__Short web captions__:

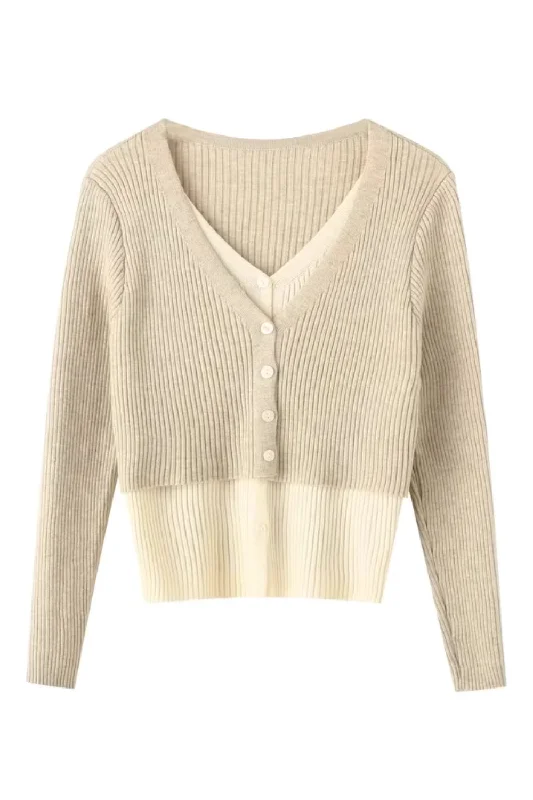 'Liza' V-Neck Ribbed-Knit Cardigan (3 Colors)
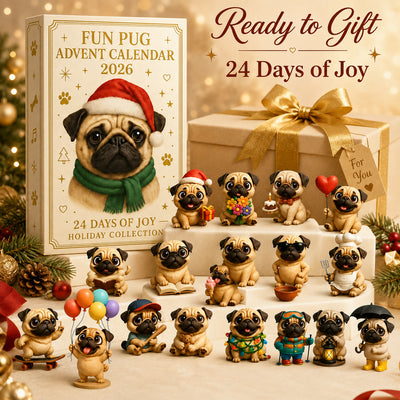 Mops Adventskalender 2026 | 24 olika mopsfigurer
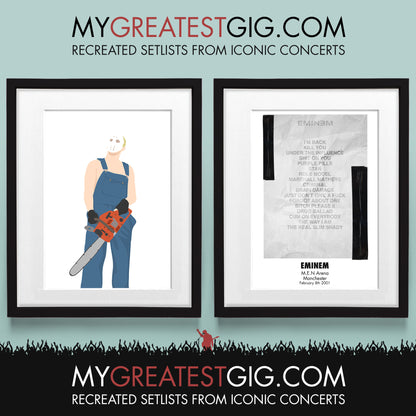Eminem - Manchester - Feb 8th 2001 Recreated Set List Poster & Illustration Bundle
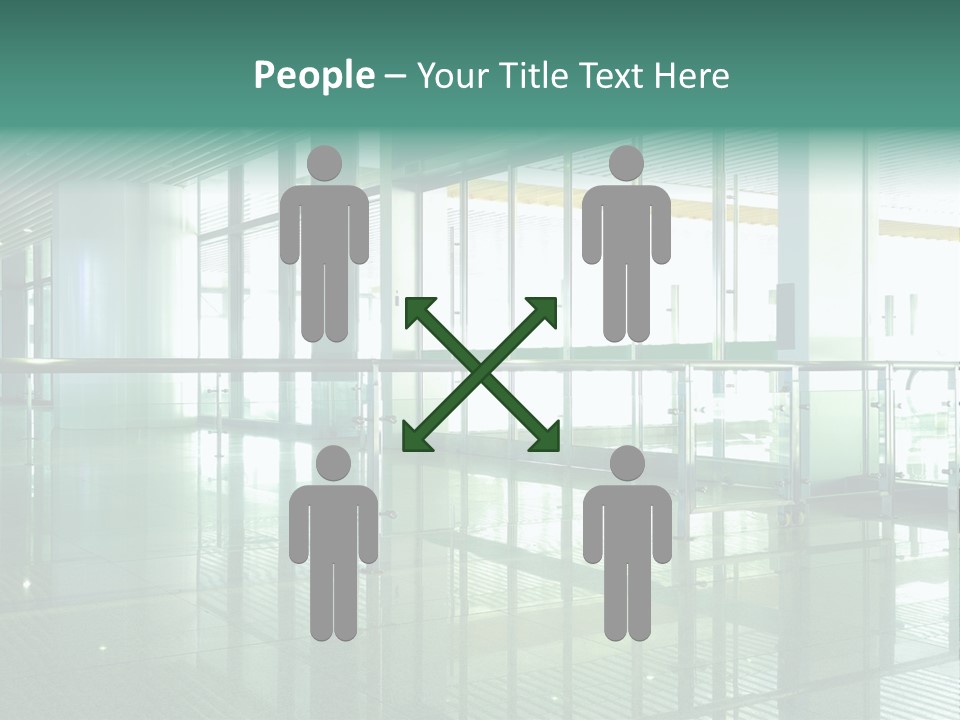 A Large Room With Glass Walls And A Metal Railing PowerPoint Template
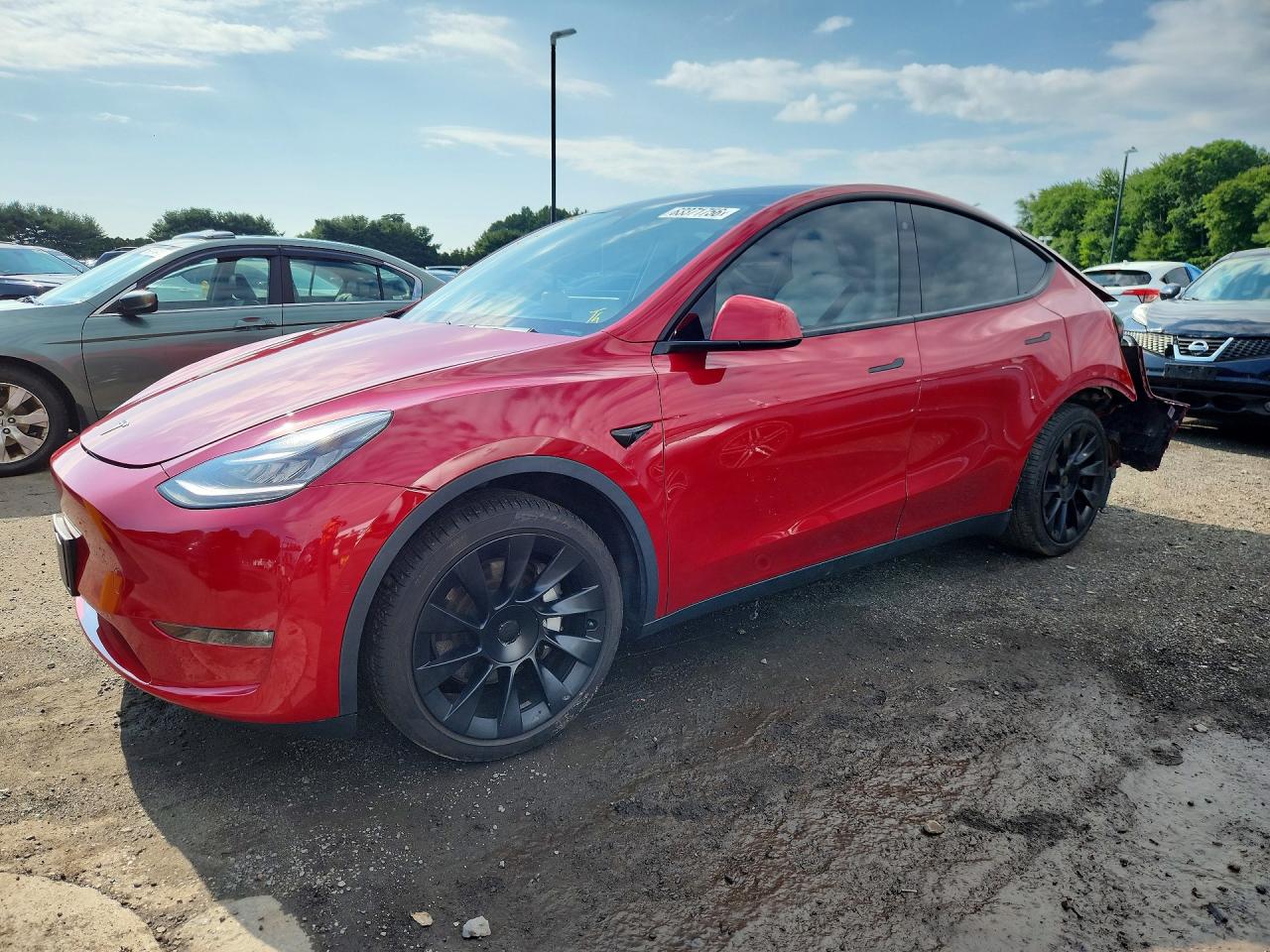 2020 Tesla Model Y Long Range, VIN 5YJYGDEE7LF059790 — Rear end
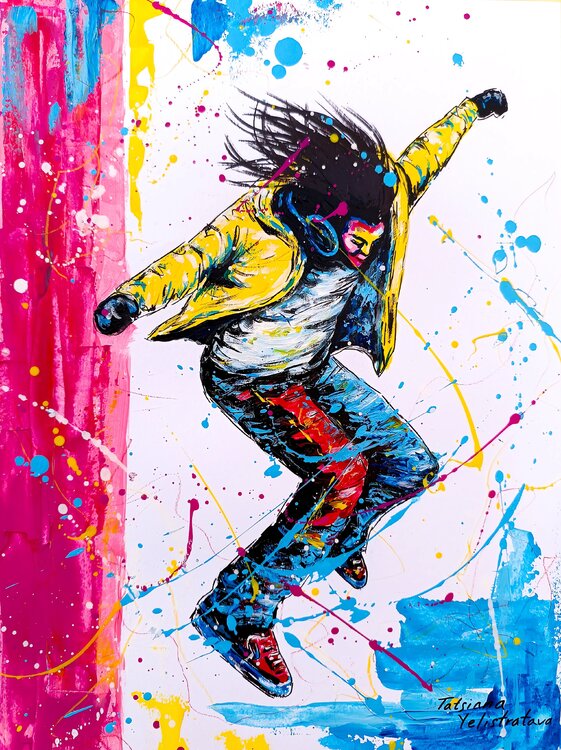 The Answer was Motion. Modern pop art, street art figurative painting. Tattiana Yelistratava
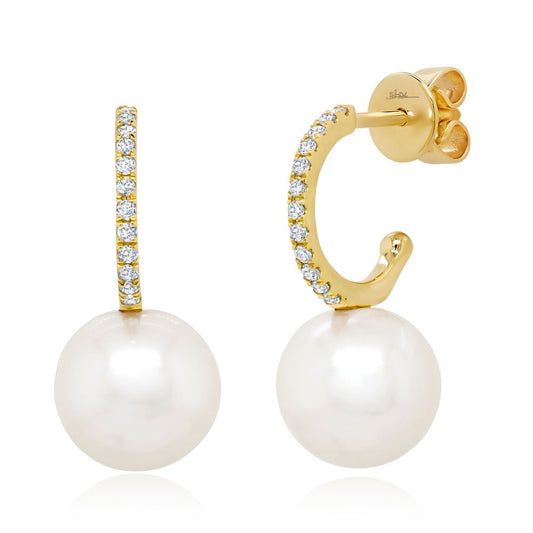 0.09Ct 14K Y/G Diamond & Cultured Pearl Earring
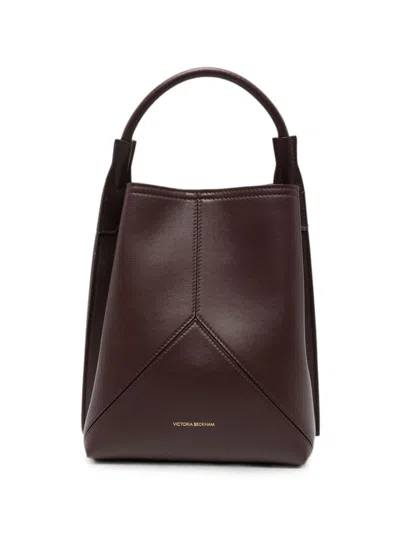 Victoria Beckham Pleated Leather Top Handle Bag In Burgundy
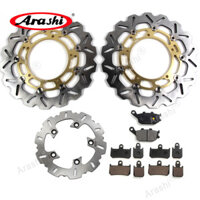 Arashi CNC Full Nổi Phía Trước Phía Sau Đĩa Pad Bộ Dành Cho Xe YAMAHA YZF R1 2007 - 2014 YZF-R1 2008 2009 2010 2011 2012 2013 Cánh Quạt Phanh Xe Máy Miếng Lót Hữu Cơ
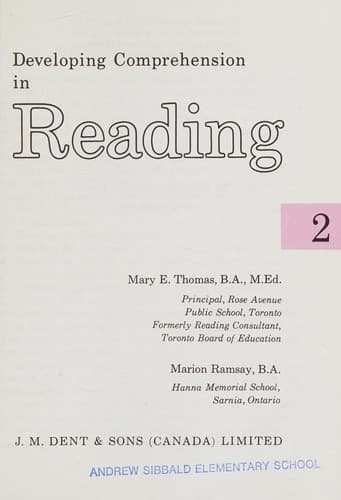 Tapa de Developing comprehension in reading, 2
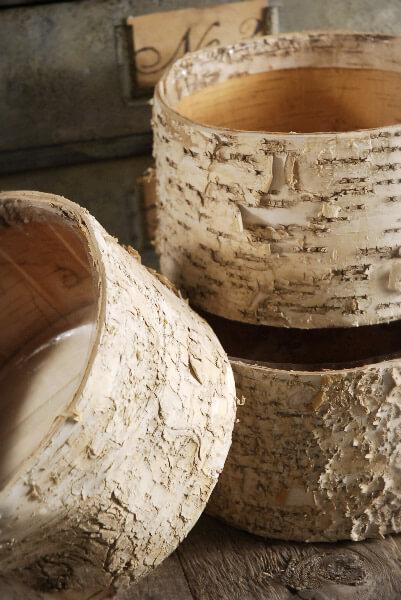birch bark pots round 7 5 x 4| 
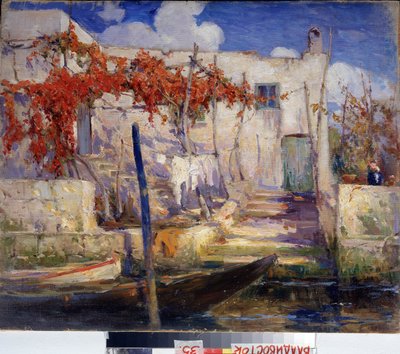 Landsbygda. I Sør. (Landskap. I Sør). Maleri av Alexander Fyodorovich Gaush (1873-1947), olje på lerret, russisk kunst, tidlig på 1900-tallet. Primorsk State Art Gallery, Vladivostok (Russland). av Alexander Gaush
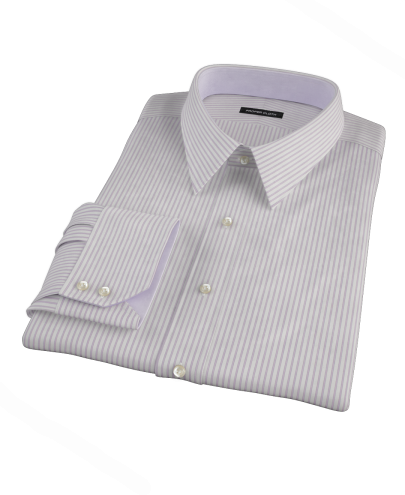 Albini Pink Bordered Stripe Men's Dress Shirt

__THE PROBLEM__:
Copy word for word the lines of the records above from the one with "2020 Tesla Model" up to and including the one with "Victoria Beckham Pleated". Skip the pictures.

__RESPONSE AREA__:
 2020 Tesla Model Y Long Range, VIN 5YJYGDEE7LF059790 — Rear end
 The Answer was Motion. Modern pop art, street art figurative painting. Tattiana Yelistratava
 0.09Ct 14K Y/G Diamond & Cultured Pearl Earring
 Victoria Beckham Pleated Leather Top Handle Bag In Burgundy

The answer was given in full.